At 74.8 percent, Biggio missed a trip to Cooperstown by the narrowest of margins. We won't know exactly who or what kept Biggio out of the Hall of Fame, but MLB.com's Ken Gurnick's egregious ballot, the 10-man limit for each voter, a deep, star-studded group of candidates and the individuals that chose to check off Jacque Jones and Kenny Rogers likely didn't help the cause.
Craig Biggio is a Hall of Famer, results not withstanding. At some point, possibly as early as July 2015, his day will come.
Until then, we can opine about one of the best second baseman in history, the dominant force at the position during the 1990s and a player that respected baseball historian Bill James gushed over through the years.
From the moment the game of baseball was conceived, the central tenet to offense has been to avoid making an out while at the plate. From that concept, everything else is spawned. Over the years, on-base percentage and times on base became a stat that forward-thinking decision makers used to gauge the value of offensive players.
When looking at the history of second basemen, Biggio reached base as well or better than anyone who has ever manned the position.
|Times on Base|
Not all Hall of Fame players should be viewed through the same prism; positions such as catcher, shortstop and second base must not be held to the same offensive standards as first base, left field and right field.
Furthermore, how a particular candidate dominated his era, relative to every other player in the game at his position, must be taken into account.
Under those terms, Biggio thrived. The voters, at least the 144 who chose not to check off Biggio on their ballots, failed to thoroughly investigate.
During the 1990s, Biggio wasn't just the best second baseman in the sport. He was leaps and bounds more valuable than anyone else who shared his position. The following chart puts Biggio's dominance over other second basemen of the decade in perspective.
|Most Valuable Second Basemen (1990-1999)|
Consider this: Biggio was 15 full bWAR wins better than the next most valuable second baseman. Mike Piazza, the most valuable catcher (41.5 WAR) of the decade was less than four wins above (subscription required) Ivan Rodriguez (37.6). Before you remind me that both are likely Hall of Fame catchers, Roberto Alomar, the second baseman that Biggio lapped in value during that period, is already in the Hall of Fame.
The same holds true for third base (Robin Ventura), shortstop (Barry Larkin), first base (Jeff Bagwell) and right field (Larry Walker). Only Barry Bonds and Ken Griffey Jr., in left field and center field, respectively, were more than 15 wins better than the next most valuable player at their positions over that 10-year span.
When a player deserving of induction misses by a margin as slim as Biggio just did, fans and analysts look for excuses. In this case, the depth of former stars on the ballot made Biggio's case harder to evaluate. If the ballot only had a few names worthy of induction, perhaps today would be a day of coronation for Biggio and the Astros organization.
Instead, the ballot was simply too deep, costing players like Biggio and former Astros teammate Jeff Bagwell much-needed votes. With the rules stating that Baseball Writers' Association of America members can only vote up to 10 inductees in a single year, a ballot so fraught with talent creates an untenable argument.

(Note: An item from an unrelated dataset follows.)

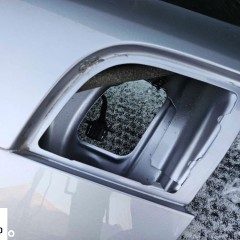 Klapa Bagaznika Szyba Srebrna Szara Audi A3 8P Sportback 5 D Drzwi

Although three all-time greats—Greg Maddux, Tom Glavine and Frank Thomas—are off the ballot for next year, three more tremendous candidates will arrive in their place. When Randy Johnson, Pedro Martinez and John Smoltz appear on the ballot, along with Biggio, in 2015, the same problem will persist.
Hopefully, for the sake of fairness, Biggio commands the same voters to check off his name next time around, and a year of contemplation will change the minds of at least two nonbelievers. In theory, it should be easier. Yet the voting process will always be an enigma due to the constant influx of superstars and those still lingering on the ballot from year to year.
If Biggio, and the Astros organization, receive justice, it could come in the form of a special ceremony next summer.
Although Bagwell, Biggio's infield partner in Houston for so many years, only received 54.3 percent of the votes in his fourth year of eligibility, he's a deserving inductee. Next year, it's possible that a major uptick in Bagwell support could net Houston fans a unique day in which both Biggio and Bagwell are enshrined together, similar to what Braves fans will experience this summer with Maddux, Glavine and Bobby Cox.
While that's unlikely, it's a dream that Biggio supporters can hold on to for at least another year. When the dust settles in 2015, Biggio's name should be among those celebrated, rather than the unfortunate tale he's turned into this winter.